**Work to be completed**.
Only the lines of the listing below that run from the line with "Almohada Látex Confort" through the line with "Fundamentos de Derecho" are to be set down, word for word. Pictures stay out.

**Provided records**.
#####

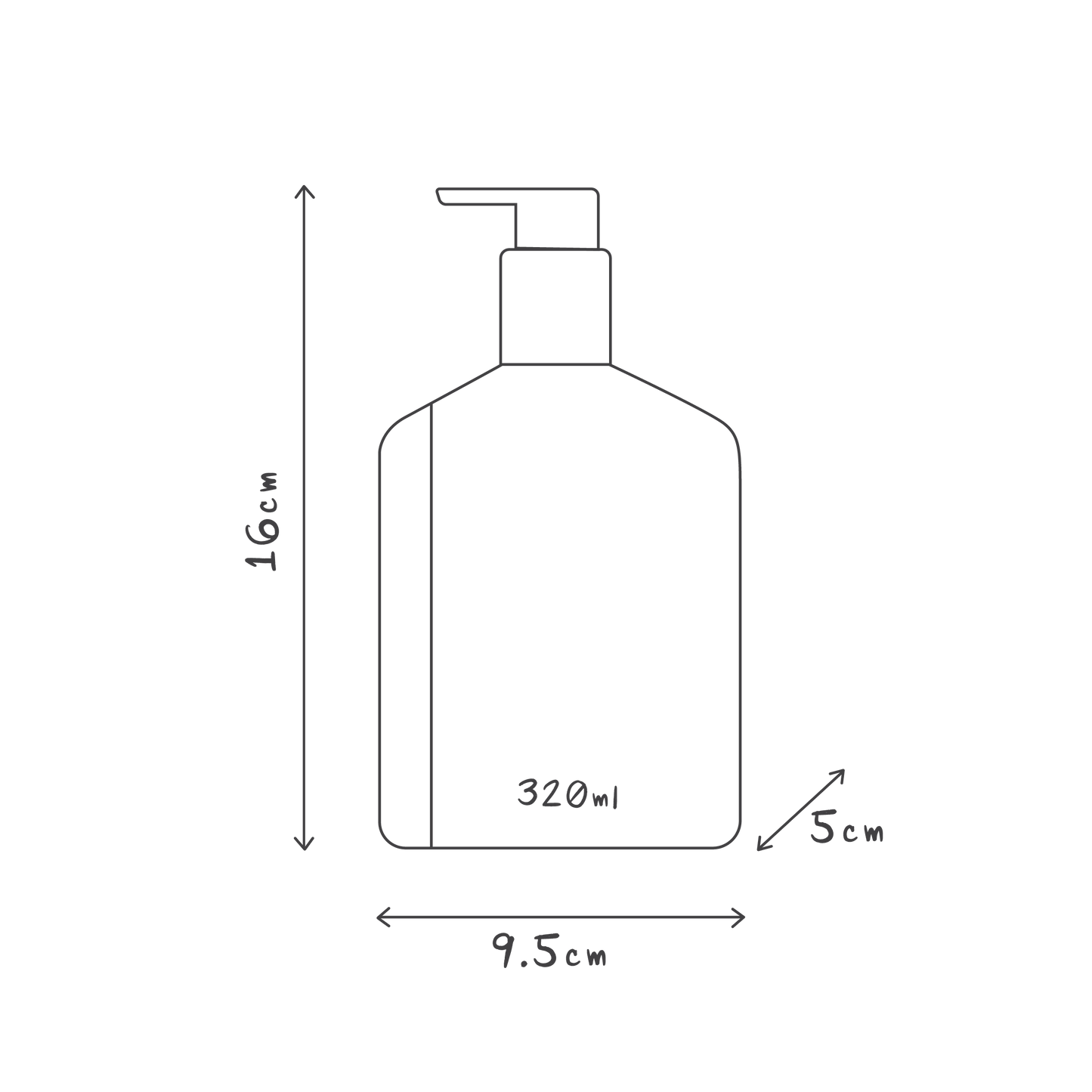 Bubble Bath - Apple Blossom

#####

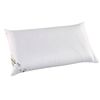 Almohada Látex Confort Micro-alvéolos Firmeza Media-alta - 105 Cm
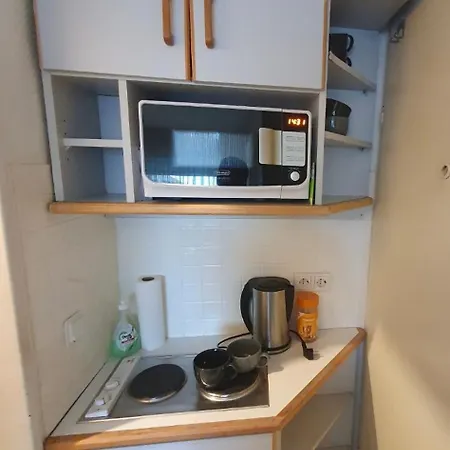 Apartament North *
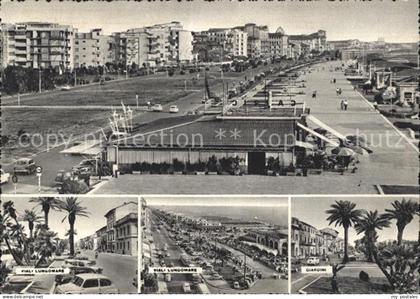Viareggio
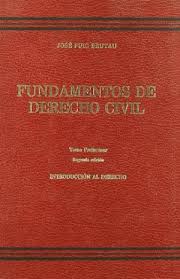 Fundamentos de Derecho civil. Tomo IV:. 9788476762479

#####

**Answer section**.
 Almohada Látex Confort Micro-alvéolos Firmeza Media-alta - 105 Cm
 Apartament North *
Viareggio
 Fundamentos de Derecho civil. Tomo IV:. 9788476762479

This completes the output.